Tal Niv
Haaretz (Analysis)
November 8, 2012 - 1:00am
http://www.haaretz.com/weekend/tal-niv/snapshot-palestinian-girl-interrupted.pre...


 

Everything is inverted in this sad, wrenching photograph by AP’s Majdi Mohammed, taken November 2. Inverted, because it is not possible to know whether the small, brazen, bold, desperate fist, held fearlessly and on the brink of mortal threat by the daughter of the Palestinian activist Nariman Tamimi, marks the moment in which a freedom fighter is forged and steeled, or the moment in which this girl is vanquished.

Is this a trigger moment in her life, generating the self-image of a person who stands up for what she believes in, even in the face of an army? Or is it a moment of incalculable self-risk such as should not be foisted on children, and which deprives adults of their role as protectors?

Is it to her benefit to struggle like everyone else, or more than others, her bravery living up to her mother’s standards? Or is it dangerous and reckless, an attempt to twist reality, to approach the soldier and raise a fist at him? To position herself opposite this young, bespectacled soldier, whose face is freckled and blotched with red and not in attack mode, to confront him below his outstretched arm?

The girl has thick, lovely yellow hair; a toy-like truck with a yellow tarpaulin is parked, down the road; and the fallow field is November-yellow. The yellow is almost too yellow.

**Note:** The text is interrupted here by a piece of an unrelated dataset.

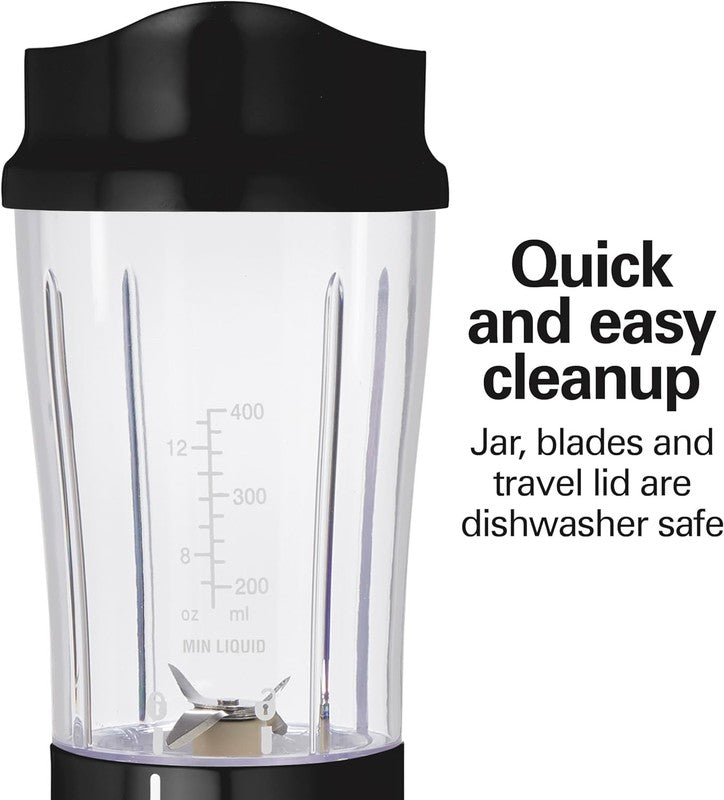 Portable Blender 14Oz BPA Free Cup & Lid, Stainless Steel Blades, Black 51101AG3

A camera dangles from the neck of a Palestinian next to the truck, watching the event unfold. The girl wears the same top she wore on August 24, when her mother was arrested before her eyes and the soldiers split into two groups, one holding her and her cousin, the others seizing her mother. There were plenty of photographers there that day. As a soldier held her with her arms pulled behind her back, she threw her head spasmodically from side to side and forward and back in urgent despair and with piteous, infantile crying, shouting and begging for her mother; until, finally, another soldier, unnerved by the wailing, which apparently set an inner clock within him ticking, shouted, “Hey, load the mother already” - though more as a way of trying to speed things up than deliberately choosing a verb inappropriate for human beings. After the door of the Jeep in which her mother was “loaded” had closed, the girl broke loose and ran down the road and kept running, and did not stop running.

For more than three years the residents of Nabi Saleh, a West Bank village near Ramallah, have been protesting, with processions and demonstrations, against the takeover of their well and land by the Halamish settlement. For more than three years the army and the military-justice authorities have been occupied in suppressing the protest and punishing the protesters under military law. But in August, when her mother was arrested, the golden-haired girl from the Tamimi family drew media attention when she was photographed by Oren Ziv ‏(Activestills‏) as soldiers held her. The image, which was posted on the Facebook page “We are all against the extreme left,” spawned ugly responses from those who hate Arabs and who hate people. At first they thought she was not an Arab because of her blonde hair, but even when they thought she was a despicable leftist worthy only of contempt, they could see she was only a little girl. This did not stop them from urging monstrous tortures to liquidate her, and there are no reports to suggest that any of them, including women who wished her similar miseries, were arrested for making threats.

Two months later, the demonstrations are continuing - because they cannot end until there is an agreement and the settlements are evacuated - and a Palestinian photographer now captures her determined back and raised arm. As such, he focuses on the symbolic aspect of her action, which fills the space between her clenched fist and the soldier’s outstretched arm. Because she is not crying here, is not passive, a complexity arises - notably in comparison to the images of masked, stone-throwing youths who appear time and again in photographs taken by Israelis in the territories.

This is a disturbing image, because she is a girl, only a girl. It is an interesting image, morally complex, and also a beautiful one, because her head is lovely and the soldier is intriguing. Above all, it poses an ongoing question: How can it be that such a little girl stands at such close range to a soldier, and can we feel calm about it, even when it is clear that he is not hitting her? Will calm ever be an option?

And then lines leap to mind whose message had always seemed extraordinarily pertinent - lines written by Israel’s unofficial poet laureate, Yehuda Amichai, in memory of his commander in the 1948 War of Independence, who was killed in a Gazan village - but whose message now, in the case of the girl from the Tamimi family, seems to be nullified. Will it ever be possible to read them to her and to the soldier? Do not forget, Amichai wrote ‏(in the translation by Barbara and Benjamin Harshav‏), “Even a fist was once an open palm with fingers.”